TOC CARS TRIBUTE: Mazda RX8 - The Rotary Racing Machine
Some are all about big engines and loud sounds; others just want a ride that’s compact, light and quick. One that smoothly revs and red lines at a high RPM count, delivering you power that’s usually made for much larger machines.
We’re talking about the Mazda RX 8 ladies and gentlemen. Taking the spotlight with its first model in 2003, the small but powerful machine has always been regarded for its engine which was able to produce upwards of 200 horsepower using only a relatively small, naturally aspirated 1.3-litre engine.
But Mazda’s Wankle engine is no ordinary engine. With roots tracing as far back to the 1960s by a German engineer, Felix Wankel, the rotary engine has always been renowned for its small-but-powerful offering, having won over many car enthusiasts who loved to rave about the power-to-weight ratio of their cars.
The RX 8 is designed with a front mid-engine, rear-wheel drive layout with torque being sent to the rear wheels instead of the front. The engine is also deliberately positioned to sit behind of the car’s front axle (the rod in which the wheels rotate), while the fuel tank is placed in front of the rear axle, thereby achieving a near 50:50 front-rear distribution.
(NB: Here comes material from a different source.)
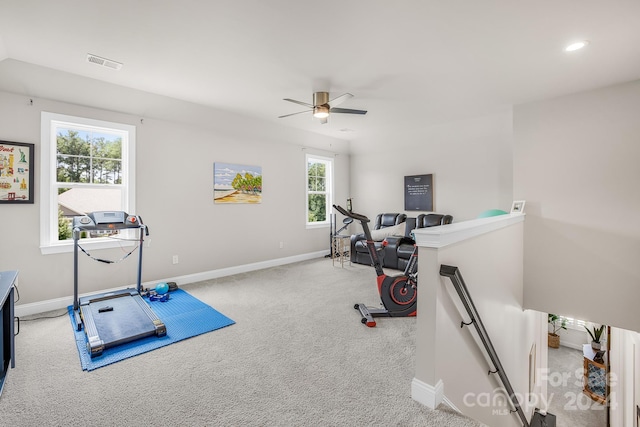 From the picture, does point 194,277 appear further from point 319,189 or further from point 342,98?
point 342,98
When the RX 8 is in full motion, one may mistakenly think that the car only has 2 doors; but closer examination will reveal a pair of rear-hinged “freestyle” doors that grant passengers access to the back seats – essentially making this a four-door race car that most mums and wives will half-heartedly approve.
While the RX8 has seen a cult following among motor enthusiasts, it has also won many accolades including Car of the Year awards both in Japan and internationally. Will we see an RX 9 in the future? Let’s keep our fingers crossed!